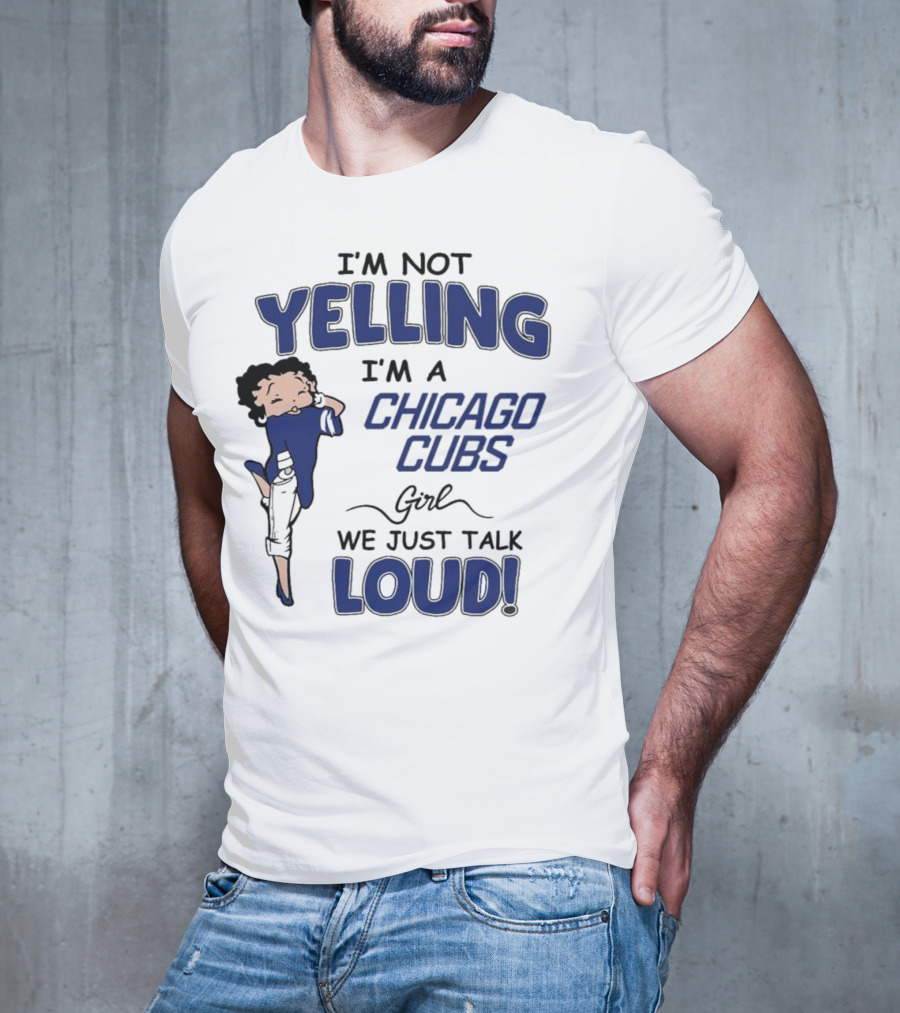 Yelling Chicago Cubs Loud T-Shirt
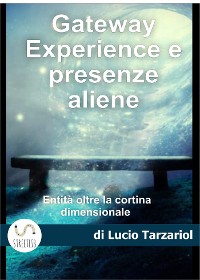 Cover Gateway Exsperience e presenze aliene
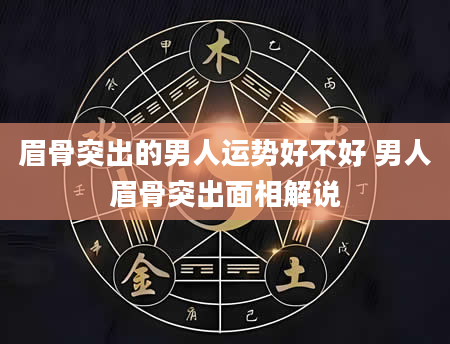 眉骨突出的男人运势好不好 男人眉骨突出面相解说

→ EXERCISE
Nothing but the text is wanted: repeat the data above exactly, without its images.

→ SOLUTION
 Yelling Chicago Cubs Loud T-Shirt
 Cover Gateway Exsperience e presenze aliene
 眉骨突出的男人运势好不好 男人眉骨突出面相解说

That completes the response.